Voyages of Discovery

Meteorologist James Marshall Shepherd spoke about climate change during the East Carolina University’s Thomas Harriot College of Art and Sciences (TCHAS) most recent Voyages of Discovery lecture.

East Carolina University’s Thomas Harriot College of Art and Sciences (TCHAS) held a lecture in its ongoing Voyages of Discovery series focused around climate change in a virtual livestream last night from 7 to 8:30 with meteorologist James Marshall Shepherd.

Shepherd works at the University of Georgia and spent much of his career at the NASA (National Aeronautics and Space Administration) Goddard Space Flight Center, according to Dean of THCAS and ECU Chemistry Professor Allison Dannell.

ECU Professor of Atmospheric Science Tom Rickenbach said he was honored to host the event, which is the last lecture in the 2020 to 2021 Voyages of Discovery series.

Shepherd focused the discussion around major weather topics such as Hurricane Florence, which hit the North Carolina coast in September 2018. Shepherd said Hurricane Florence affected farmers in eastern North Carolina, and expressed how important the industry was to North Carolina.

“Because we (the earth) have a natural cycle, that doesn’t mean that human processes can’t impact the natural cycle,” Shepherd said, in refetene to climate change cycles.

Shepherd also mentioned normalcy bias in his speech, a concept which he described as an expectation of weather to be similar to how it has always been in a certain area. Shepherd cited Hurricane Harvey’s massive floods as an example of citizens not expecting a larger storm or harsher weather conditions.

If the planet was a human, weather would be its mood and climate its personality, according to Shepherd. Shepherd used this analogy to describe the difference between climate and weather, as many don’t believe in climate change because of one weather event.

The extremes are becoming more extreme, and that is a major factor people will notice about climate change going forward, Shepherd said.

“What we’re seeing with climate change is very much a here and now issue,” Shepherd said.

Rickenbach and Shepherd answered prepared questions as well as questions from the audience about the lecture and climate change in general. This closed Shepherd’s introduction for the event.

One of the first questions posed by Rickenbach focused on the prevalence of conspiracy theories on social media. He asked Shepherd how he believed scientists could compete with sensational misinformation which can easily become viral on social media. Shepherd said scientists can combat this misinformation by being part of the conversation on social media themselves.

“If we (scientists) aren’t there pushing back or clarifying or putting credible information out there then it (misinformation) will swamp the signal. It will become the signal instead of the noise, so that’s why I argue that we have to engage in those spaces,” Shepherd said.
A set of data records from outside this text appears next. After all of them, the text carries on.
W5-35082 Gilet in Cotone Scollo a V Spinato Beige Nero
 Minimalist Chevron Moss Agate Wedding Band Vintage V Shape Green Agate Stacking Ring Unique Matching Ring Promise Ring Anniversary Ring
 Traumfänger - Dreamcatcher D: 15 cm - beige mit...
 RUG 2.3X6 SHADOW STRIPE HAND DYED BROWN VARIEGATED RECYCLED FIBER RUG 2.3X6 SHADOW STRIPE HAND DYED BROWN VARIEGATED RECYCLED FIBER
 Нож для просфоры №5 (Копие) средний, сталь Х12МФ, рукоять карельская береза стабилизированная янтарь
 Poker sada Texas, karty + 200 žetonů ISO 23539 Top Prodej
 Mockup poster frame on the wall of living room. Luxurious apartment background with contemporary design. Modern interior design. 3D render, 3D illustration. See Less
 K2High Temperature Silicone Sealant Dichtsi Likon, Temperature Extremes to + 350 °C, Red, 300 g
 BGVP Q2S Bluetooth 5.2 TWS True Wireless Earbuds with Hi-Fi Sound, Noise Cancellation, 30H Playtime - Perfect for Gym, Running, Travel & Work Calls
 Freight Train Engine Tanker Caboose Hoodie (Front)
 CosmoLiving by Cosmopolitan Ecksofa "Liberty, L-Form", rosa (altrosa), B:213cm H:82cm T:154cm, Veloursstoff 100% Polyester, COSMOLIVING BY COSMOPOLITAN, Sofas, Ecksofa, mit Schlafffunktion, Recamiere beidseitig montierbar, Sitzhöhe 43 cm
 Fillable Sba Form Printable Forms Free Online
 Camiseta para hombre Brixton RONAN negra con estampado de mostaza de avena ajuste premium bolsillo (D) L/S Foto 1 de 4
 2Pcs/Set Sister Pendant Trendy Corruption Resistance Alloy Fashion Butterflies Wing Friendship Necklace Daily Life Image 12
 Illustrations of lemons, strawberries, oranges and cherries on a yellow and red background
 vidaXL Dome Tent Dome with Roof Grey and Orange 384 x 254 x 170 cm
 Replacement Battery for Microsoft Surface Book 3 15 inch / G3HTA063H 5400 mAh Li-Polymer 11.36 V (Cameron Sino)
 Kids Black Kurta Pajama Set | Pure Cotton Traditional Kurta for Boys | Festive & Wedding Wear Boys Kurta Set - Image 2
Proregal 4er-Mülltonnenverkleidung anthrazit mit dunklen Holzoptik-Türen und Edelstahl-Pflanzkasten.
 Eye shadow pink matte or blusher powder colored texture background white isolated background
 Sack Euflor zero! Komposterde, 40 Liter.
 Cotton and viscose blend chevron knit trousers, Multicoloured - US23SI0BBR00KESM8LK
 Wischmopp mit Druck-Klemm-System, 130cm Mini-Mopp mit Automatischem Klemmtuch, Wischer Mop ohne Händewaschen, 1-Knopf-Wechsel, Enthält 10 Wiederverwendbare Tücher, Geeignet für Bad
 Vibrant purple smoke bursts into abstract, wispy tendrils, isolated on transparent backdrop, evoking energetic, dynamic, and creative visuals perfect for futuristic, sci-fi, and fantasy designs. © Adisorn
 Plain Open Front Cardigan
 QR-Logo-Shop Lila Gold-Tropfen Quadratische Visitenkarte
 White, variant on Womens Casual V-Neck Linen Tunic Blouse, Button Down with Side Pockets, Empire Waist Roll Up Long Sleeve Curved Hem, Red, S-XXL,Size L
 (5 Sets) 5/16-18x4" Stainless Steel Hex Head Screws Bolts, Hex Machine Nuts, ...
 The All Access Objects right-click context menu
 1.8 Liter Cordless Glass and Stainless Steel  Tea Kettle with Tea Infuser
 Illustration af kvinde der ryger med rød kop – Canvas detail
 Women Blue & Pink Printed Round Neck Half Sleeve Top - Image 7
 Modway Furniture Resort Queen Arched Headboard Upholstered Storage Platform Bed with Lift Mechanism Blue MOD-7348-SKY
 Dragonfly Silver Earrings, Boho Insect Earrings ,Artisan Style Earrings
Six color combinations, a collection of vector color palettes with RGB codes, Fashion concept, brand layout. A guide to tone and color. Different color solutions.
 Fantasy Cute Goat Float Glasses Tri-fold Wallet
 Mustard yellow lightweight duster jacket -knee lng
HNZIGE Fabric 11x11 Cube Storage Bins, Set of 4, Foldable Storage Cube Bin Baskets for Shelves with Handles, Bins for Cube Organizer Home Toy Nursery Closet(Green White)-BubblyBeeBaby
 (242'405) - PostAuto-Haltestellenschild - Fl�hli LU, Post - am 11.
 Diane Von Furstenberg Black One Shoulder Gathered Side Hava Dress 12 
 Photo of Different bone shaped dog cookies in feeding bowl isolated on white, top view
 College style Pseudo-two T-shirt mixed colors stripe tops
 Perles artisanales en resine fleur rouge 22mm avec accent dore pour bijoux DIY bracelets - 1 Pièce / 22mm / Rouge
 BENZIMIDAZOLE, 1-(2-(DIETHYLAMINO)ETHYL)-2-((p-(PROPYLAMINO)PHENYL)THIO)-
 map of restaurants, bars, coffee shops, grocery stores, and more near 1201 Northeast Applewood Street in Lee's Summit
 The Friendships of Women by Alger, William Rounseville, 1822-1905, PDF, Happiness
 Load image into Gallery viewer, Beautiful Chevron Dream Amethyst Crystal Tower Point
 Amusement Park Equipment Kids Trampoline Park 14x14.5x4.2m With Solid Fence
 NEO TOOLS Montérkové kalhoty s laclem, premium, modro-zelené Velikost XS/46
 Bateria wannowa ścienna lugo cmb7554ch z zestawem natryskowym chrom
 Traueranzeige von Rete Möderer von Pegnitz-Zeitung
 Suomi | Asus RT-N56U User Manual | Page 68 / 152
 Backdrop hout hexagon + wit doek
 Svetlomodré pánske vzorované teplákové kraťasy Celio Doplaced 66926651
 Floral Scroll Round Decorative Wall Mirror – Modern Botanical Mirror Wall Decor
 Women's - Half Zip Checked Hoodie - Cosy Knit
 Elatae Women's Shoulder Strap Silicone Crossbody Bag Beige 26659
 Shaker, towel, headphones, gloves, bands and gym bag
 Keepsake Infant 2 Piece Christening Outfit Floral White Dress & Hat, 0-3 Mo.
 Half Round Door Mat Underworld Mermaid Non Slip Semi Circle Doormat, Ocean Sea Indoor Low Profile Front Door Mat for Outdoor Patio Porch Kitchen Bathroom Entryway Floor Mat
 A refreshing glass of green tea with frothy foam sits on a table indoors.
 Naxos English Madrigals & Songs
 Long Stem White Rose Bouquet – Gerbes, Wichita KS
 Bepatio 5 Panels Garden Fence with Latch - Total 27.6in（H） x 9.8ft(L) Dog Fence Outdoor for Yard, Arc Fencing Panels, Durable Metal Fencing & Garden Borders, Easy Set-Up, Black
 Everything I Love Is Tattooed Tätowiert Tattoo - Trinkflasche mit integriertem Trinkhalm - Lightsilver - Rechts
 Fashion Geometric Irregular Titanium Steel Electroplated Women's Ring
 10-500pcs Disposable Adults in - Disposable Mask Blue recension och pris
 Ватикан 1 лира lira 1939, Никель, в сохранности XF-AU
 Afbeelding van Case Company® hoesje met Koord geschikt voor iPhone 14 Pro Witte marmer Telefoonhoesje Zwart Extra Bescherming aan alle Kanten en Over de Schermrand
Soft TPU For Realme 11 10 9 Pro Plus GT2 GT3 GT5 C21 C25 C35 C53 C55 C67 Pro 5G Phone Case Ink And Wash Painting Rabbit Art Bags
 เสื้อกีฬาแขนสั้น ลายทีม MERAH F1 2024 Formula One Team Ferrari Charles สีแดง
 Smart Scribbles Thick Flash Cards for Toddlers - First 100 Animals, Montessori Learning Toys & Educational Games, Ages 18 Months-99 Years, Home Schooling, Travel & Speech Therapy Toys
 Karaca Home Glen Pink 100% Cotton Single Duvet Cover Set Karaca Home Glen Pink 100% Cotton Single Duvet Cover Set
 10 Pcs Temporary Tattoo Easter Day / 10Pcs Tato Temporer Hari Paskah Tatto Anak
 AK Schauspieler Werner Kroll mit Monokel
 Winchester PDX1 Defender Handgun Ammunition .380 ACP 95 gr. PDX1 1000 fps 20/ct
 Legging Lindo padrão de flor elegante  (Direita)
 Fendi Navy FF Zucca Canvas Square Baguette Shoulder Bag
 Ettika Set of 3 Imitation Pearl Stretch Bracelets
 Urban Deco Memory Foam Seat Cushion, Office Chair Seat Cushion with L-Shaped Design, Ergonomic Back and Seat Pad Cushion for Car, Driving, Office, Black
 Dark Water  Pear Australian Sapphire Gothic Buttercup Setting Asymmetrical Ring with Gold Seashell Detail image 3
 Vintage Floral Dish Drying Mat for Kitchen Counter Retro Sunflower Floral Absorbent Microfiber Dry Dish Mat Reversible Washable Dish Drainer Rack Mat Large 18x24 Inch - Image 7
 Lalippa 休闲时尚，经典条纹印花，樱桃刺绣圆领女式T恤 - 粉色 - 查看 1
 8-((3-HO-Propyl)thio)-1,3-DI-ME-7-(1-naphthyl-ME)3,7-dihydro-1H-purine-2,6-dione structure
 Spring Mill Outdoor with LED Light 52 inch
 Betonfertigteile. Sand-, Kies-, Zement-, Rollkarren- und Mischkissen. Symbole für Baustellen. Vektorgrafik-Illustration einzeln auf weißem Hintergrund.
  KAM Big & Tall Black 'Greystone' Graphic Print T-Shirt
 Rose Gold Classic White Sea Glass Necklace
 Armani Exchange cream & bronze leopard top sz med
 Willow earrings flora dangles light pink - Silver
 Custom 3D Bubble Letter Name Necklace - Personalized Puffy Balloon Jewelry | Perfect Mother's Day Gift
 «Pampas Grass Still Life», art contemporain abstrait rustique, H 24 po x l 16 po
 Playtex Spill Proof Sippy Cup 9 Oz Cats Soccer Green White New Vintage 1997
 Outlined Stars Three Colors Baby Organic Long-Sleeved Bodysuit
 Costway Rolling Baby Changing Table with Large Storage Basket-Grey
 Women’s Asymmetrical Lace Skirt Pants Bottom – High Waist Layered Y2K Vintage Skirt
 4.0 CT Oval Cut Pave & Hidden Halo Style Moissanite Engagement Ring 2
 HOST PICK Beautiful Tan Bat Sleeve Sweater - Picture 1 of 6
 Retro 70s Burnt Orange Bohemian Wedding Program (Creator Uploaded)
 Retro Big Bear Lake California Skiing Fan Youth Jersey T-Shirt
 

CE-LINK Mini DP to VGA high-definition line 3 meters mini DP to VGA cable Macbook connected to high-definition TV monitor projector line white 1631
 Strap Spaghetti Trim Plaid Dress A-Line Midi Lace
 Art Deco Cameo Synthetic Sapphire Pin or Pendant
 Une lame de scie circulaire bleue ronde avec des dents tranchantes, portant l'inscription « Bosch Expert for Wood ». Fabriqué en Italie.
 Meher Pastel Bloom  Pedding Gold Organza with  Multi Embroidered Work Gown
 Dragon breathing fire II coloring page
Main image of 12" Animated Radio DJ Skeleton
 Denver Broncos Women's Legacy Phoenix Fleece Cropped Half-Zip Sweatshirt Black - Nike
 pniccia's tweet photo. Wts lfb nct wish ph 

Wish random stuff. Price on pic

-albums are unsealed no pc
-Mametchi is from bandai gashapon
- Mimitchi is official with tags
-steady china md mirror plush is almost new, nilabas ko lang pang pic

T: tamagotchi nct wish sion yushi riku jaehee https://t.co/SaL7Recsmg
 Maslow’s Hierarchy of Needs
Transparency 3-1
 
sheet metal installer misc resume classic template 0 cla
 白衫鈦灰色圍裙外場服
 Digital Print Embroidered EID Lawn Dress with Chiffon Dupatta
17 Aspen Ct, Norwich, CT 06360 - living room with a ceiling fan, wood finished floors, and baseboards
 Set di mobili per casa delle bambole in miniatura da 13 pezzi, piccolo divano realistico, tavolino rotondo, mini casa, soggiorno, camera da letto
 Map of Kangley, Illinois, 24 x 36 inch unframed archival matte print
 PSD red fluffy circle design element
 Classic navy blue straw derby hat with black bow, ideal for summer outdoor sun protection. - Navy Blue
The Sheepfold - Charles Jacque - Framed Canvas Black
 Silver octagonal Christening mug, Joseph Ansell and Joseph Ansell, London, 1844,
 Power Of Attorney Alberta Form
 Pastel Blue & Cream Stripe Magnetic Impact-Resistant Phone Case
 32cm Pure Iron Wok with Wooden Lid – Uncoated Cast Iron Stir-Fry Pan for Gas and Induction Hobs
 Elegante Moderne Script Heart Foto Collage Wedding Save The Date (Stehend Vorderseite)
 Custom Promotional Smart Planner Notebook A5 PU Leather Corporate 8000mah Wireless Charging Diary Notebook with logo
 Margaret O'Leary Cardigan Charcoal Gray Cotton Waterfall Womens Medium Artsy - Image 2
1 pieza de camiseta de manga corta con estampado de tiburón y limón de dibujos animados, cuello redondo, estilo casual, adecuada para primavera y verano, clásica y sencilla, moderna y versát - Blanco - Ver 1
The discussion then shifted to examine similarities between the social culture surrounding COVID-19 and climate change. Rickenbach said although climate change is a gradual process, COVID-19 captured the world’s attention in a short amount of time.

Shepherd said the potential for a pandemic like COVID-19 was predicted by scientists in the past just as scientists have predicted the catastrophic effects of climate change. He said there are principles from the response to COVID-19 that can apply to a response to climate change.

“With COVID(-19), we changed some of our practices. We social distance, we wear (face) masks, we put sanitizer on in various places. There are certainly practices we can change to move us into the right direction on climate change in terms of our energy consumption, our habits in terms of eating and so forth,” Shepherd said.

People will trust scientists when they find common ground with them, according to Shepherd. He said scientists taking the time to come to the level of understanding of an individual or population and find shared experiences, they will make better progress toward gaining the trust of those individuals or populations.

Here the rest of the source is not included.